Session: Poster Abstract Session: HAI Surveillance and Public Reporting
Friday, October 10, 2014
Room: The Pennsylvania Convention Center: IDExpo Hall BC
Background: In neurosurgery, there is limited data on the antibiotic resistance and prognosis following nosocomial bloodstream infection (NBSI). The aim of this study was to record incidence, antimicrobial resistance rates and risk factors for death in neurosurgical patients with NBSI.

Methods: Patients with a confirmed NBSI within the period 2003-2012 that were hospitalized in a neurosurgery department with a 4-bed intermediate care unit (IMCU) were included. NBSI was diagnosed when a blood sample obtained after the first 48 hours of hospitalization isolated a healthcare-associated pathogen. Blood cultures were performed with the BacTAlert automated system. Vitek 2 system was used for identification and antibiotic susceptibility. Risk factors for mortality were also assessed. 
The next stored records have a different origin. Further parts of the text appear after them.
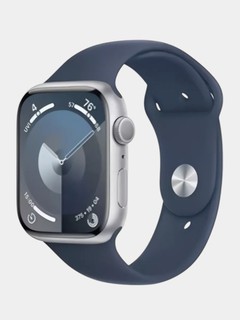 Смарт часы Apple Watch Series 9, 45 мм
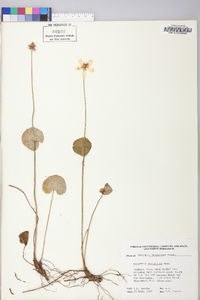 Parnassia asarifolia image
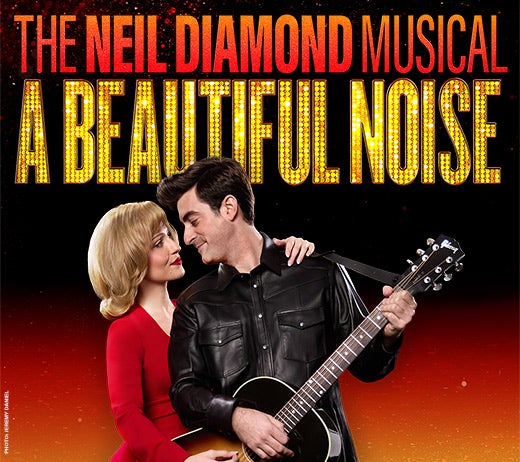 More Info for A Beautiful Noise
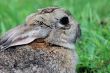 Snowshoe hare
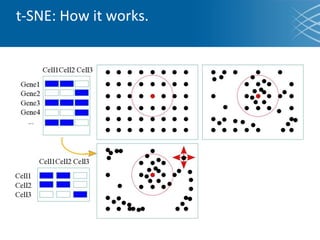 t-SNE: How it works.
 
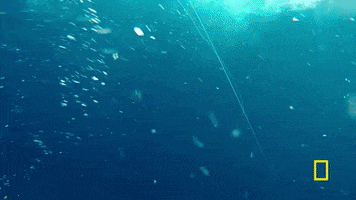 wicked tuna GIF by National Geographic Channel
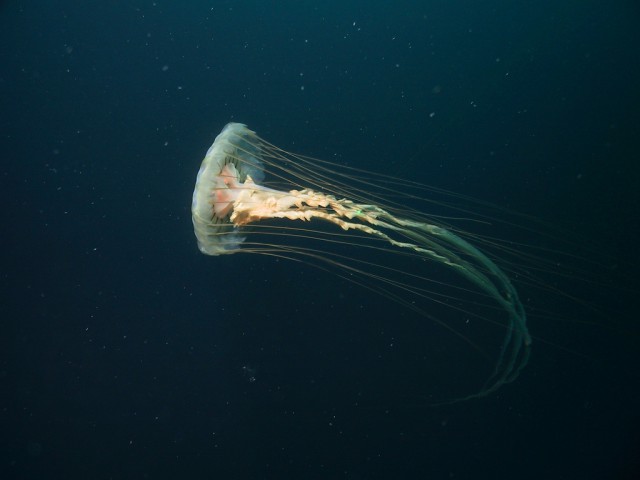 Медуза опасна, бессмысленна и беспощадна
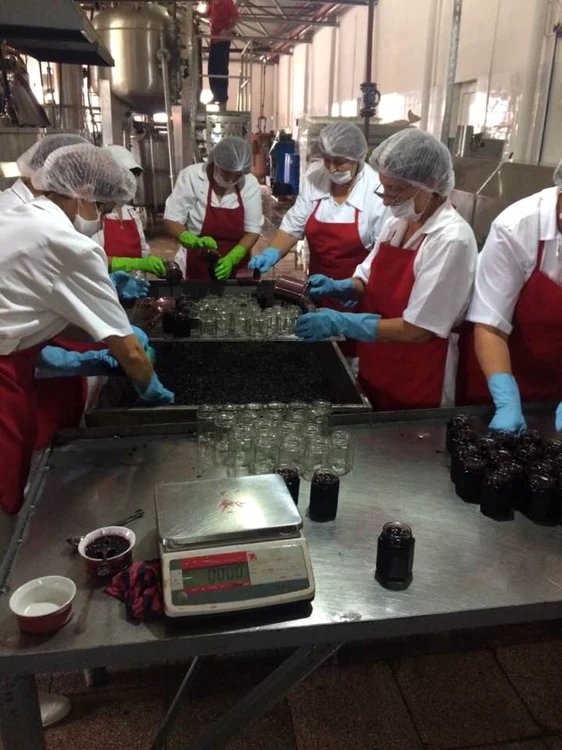 Dulceaţa naturală de Aronia. Cum a obţinut mămica magiunului de Topoloveni un produs dulce,dintrun fruct amărui, fără să adauge pic de zahăr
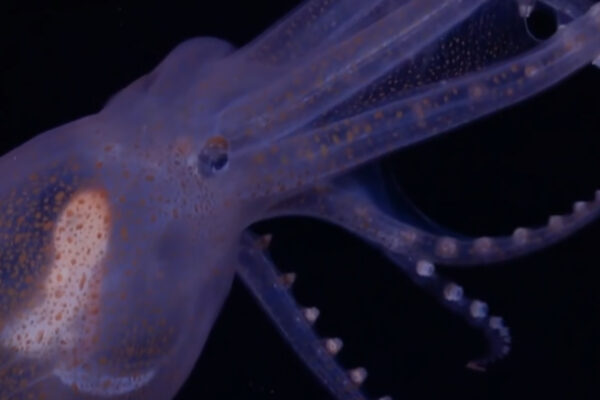 Monsters of the Deep
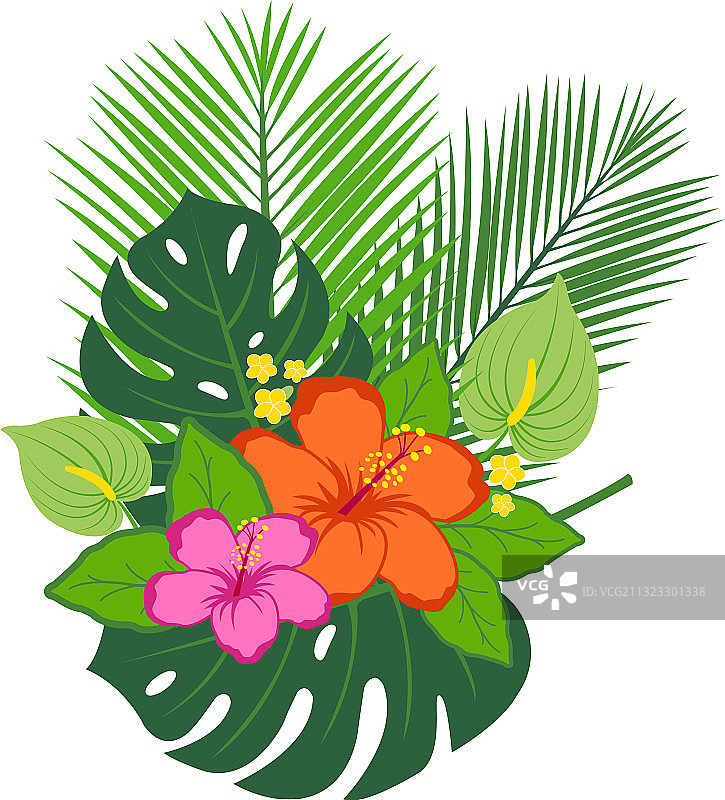 热带植物和花卉图片素材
Results: A total of 236 patients with NBSI were identified. Blood samples recovered 378 isolates. Gram-negative bacteria (GNB) were the commonest isolates (54.5%). The predominant GNB pathogens were: Klebsiella pneumoniae (KP, 28.2%), Pseudomonas aeruginosa (PA, 27.1%) and Acinetobacter baumannii (AB, 24.3%). The commonest Gram positive bacteria (GPB) were Staphylococcus epidermidis (SE, 36.6%) and Enterococcus spp. (ES, 29.2%). Antibiotic resistance was high with 60% of KP and 70% of PA isolates resistant to gentamicin. Imipenem resistance was found in 90% of AB, 66% of PA and in KP isolates and it increased from 22% during 2003-2007 to 77% during 2008-2012 (p<0.001). All GNB were sensitive to colistin. Of the coagulase negative staphylococci isolates, 94% were resistant to oxacillin. All GPB isolates were sensitive to vancomycin. Incidence of NBSI had a median of 4.2 infections/1000 bed-days. Overall mortality was high (50.4%). Age, head injury, intracranial hemorrhage, surgery, GPB and GNB NBSI, central venous catheter use, stay in ICU, and stay in IMCU were associated with in-hospital death (p<0.05). In multivariable analysis, age and stay in IMCU were independent risk factors for in-hospital mortality (p<0.05).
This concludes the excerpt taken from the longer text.